Every situation is different of course, but it's overreaching to say that SQL systems have no options beyond read-time computation of results.

1 comments

This was my first thought too. Why not just denormalize the data in MySQL? What benefit is Cassandra really offering here over that option?
Cassandra gives you two benefits.

First, Cassandra uses a disk layout similar to the one described in the Bigtable paper (http://labs.google.com/papers/bigtable.html sections 5.3 and 5.4); in particular it does no random writes. Relational databases like mysql pretty much all use btree-based storage which was great 20 years ago but is terrible today when seeks are your bottleneck.

I was talking to some people today who are struggling to get mysql to do ~100 insert/update operations per second. Cassandra will easily give you 10x that -- _per node_.

The second benefit is that Cassandra gives you real, scalable partitioning, invisible to the app, for when you do need to add nodes. When you have more than a handful of machines, not having to babysit replication + partitioning is a huge, huge deal.

"I was talking to some people today who are struggling to get mysql to do ~100 insert/update operations per second."

I apologize for being flippant, but.. Were they running MySQL on an EeePC ?

They are probably Doing Something Wrong if they are struggling to do >100 insert/updates a second on even modest hardware.

Because of how the storage engine works, mysql insert performance degrades significantly as table size grows into double digits of GB, and especially once the PK index no longer fits in RAM.

Cassandra doesn't have to read indexes to figure out where to put the data so write performance stays constant as your data set grows.

A 7,200 RPM disk can do about 120 IO operations/s, max. Each transaction requires at least one IO operation to be properly committed to disk.

So ~100 inserts/updates per second is pretty close to the limit of modest hardware, unless you are either 1) doing more than one insert/update per transaction or 2) leaving write caching enabled on you disk.

#1 is the right thing to do when it works for your app, but it doesn't always work. #2 is the wrong thing to do if you care about the integrity of your data (but its probably not a bad thing to do in development if you understand that you'll probably need a battery-backed caching disk controller to get that kind of performance in production).

Cassandra avoids some of these issues by allowing the developer to specify the desired level of durability.

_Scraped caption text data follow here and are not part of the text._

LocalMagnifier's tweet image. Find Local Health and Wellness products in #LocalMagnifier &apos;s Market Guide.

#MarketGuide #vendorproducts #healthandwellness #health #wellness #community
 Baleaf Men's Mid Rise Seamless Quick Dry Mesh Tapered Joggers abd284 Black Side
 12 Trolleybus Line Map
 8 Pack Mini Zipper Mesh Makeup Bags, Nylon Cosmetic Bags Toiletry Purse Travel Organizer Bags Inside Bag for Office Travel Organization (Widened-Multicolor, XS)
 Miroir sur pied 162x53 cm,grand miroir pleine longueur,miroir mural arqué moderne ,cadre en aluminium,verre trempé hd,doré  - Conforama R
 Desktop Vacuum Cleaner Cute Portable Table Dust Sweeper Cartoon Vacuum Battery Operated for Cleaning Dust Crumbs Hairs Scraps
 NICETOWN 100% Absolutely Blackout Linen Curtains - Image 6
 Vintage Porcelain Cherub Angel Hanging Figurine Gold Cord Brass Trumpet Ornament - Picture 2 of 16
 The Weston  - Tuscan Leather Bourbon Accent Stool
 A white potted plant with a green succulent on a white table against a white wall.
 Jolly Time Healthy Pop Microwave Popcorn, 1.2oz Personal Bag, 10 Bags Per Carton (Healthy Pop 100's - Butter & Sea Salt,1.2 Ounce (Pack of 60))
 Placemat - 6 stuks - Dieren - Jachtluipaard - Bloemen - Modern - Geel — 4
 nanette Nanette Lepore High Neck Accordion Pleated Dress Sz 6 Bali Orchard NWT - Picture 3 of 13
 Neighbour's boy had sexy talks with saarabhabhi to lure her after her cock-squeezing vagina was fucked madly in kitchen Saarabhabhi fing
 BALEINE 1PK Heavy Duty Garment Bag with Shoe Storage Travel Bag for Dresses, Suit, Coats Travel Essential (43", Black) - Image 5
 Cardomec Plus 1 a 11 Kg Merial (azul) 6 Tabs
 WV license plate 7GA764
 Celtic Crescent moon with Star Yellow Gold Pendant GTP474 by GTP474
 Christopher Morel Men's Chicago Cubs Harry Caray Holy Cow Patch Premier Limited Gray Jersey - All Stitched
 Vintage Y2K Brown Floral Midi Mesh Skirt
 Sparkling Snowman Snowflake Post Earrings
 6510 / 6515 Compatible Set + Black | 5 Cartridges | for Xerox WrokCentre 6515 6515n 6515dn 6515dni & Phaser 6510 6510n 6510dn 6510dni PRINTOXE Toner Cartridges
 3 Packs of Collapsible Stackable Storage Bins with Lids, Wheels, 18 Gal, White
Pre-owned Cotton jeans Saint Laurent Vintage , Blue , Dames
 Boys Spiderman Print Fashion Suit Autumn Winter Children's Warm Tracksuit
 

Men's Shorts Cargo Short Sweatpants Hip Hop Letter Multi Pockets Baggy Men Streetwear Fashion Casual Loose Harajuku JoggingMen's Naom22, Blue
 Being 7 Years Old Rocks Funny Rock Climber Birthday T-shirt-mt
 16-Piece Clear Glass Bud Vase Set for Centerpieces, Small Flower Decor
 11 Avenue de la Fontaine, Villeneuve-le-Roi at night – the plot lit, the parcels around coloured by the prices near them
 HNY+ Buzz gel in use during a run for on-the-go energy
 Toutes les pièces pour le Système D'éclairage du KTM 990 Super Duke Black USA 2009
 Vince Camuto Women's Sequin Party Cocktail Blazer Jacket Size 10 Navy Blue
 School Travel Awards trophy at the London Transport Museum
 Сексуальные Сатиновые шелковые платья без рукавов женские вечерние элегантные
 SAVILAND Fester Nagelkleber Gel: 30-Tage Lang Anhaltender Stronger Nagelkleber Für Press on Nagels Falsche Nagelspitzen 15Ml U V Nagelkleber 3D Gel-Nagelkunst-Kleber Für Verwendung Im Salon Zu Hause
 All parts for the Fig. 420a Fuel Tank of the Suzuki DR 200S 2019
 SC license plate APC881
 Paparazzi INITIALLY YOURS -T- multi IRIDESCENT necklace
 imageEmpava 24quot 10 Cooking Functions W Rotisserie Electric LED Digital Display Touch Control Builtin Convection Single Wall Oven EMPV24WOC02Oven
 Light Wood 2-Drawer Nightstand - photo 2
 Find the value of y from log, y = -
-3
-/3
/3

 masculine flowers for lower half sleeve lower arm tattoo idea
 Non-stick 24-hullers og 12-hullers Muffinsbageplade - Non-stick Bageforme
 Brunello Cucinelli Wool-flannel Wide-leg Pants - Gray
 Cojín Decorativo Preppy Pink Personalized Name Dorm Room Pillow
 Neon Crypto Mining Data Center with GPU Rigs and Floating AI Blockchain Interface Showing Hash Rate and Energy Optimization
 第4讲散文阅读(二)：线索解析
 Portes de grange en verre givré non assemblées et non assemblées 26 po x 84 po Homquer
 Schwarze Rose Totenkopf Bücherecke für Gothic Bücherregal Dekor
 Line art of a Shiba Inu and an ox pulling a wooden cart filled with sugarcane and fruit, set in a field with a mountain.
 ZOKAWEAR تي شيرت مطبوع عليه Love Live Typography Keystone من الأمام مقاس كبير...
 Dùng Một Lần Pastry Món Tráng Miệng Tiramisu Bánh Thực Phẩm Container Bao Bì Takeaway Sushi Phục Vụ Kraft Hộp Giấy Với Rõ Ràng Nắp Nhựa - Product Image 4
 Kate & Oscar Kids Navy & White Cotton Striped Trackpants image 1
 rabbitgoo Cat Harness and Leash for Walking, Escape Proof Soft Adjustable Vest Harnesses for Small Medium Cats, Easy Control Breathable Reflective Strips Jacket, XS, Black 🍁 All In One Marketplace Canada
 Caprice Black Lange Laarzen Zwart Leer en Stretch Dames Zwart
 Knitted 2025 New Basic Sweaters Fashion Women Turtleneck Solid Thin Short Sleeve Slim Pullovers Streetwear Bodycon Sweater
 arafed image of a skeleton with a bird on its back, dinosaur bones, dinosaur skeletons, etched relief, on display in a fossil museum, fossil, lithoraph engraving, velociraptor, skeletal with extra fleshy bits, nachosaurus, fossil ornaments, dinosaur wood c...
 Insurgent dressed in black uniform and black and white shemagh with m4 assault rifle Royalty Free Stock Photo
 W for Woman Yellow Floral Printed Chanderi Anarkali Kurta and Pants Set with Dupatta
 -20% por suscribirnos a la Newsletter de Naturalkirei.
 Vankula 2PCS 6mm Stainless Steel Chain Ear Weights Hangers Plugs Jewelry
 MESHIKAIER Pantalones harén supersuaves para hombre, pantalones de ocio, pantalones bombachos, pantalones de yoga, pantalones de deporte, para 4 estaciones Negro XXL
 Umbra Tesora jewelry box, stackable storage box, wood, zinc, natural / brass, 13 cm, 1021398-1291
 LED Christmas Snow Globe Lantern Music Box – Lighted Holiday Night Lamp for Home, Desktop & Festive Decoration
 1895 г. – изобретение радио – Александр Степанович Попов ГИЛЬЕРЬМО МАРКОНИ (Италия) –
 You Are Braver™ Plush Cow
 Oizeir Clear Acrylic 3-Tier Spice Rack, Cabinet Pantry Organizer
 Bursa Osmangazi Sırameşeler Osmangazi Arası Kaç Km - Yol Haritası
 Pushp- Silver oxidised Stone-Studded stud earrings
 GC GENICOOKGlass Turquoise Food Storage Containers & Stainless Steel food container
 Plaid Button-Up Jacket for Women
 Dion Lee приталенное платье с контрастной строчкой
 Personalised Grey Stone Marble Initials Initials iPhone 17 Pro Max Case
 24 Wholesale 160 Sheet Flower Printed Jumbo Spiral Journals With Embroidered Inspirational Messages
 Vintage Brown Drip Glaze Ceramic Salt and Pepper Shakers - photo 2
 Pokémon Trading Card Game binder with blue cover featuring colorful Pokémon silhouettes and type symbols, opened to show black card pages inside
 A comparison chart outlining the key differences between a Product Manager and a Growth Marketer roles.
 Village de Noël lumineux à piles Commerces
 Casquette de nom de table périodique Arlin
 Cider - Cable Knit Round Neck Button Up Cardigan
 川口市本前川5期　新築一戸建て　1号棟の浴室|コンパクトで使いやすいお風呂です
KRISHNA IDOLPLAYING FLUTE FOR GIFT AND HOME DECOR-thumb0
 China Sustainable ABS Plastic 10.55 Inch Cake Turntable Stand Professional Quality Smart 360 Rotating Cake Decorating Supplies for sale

A transaction may have to arrive on disk to be considered complete, or less stringently, it can arrive in memory on one or more additional machines in the cluster.

I'd also guess that cassandra will buffer and batch writes. Postgres can also do this with the write ahead log (WAL). I don't know if mySQL does the same. This trades some (configurable) latency for throughput. A transaction has to wait for the buffer to fill or a timer to expire before it is completed which increases latency, but multiple transactions end up bundled into a single IO operation, which increases throughput.

It's interesting what data structures would be optimal for the SSDs from the near future. If random writes are only a controller problem, it may be the good old btree again.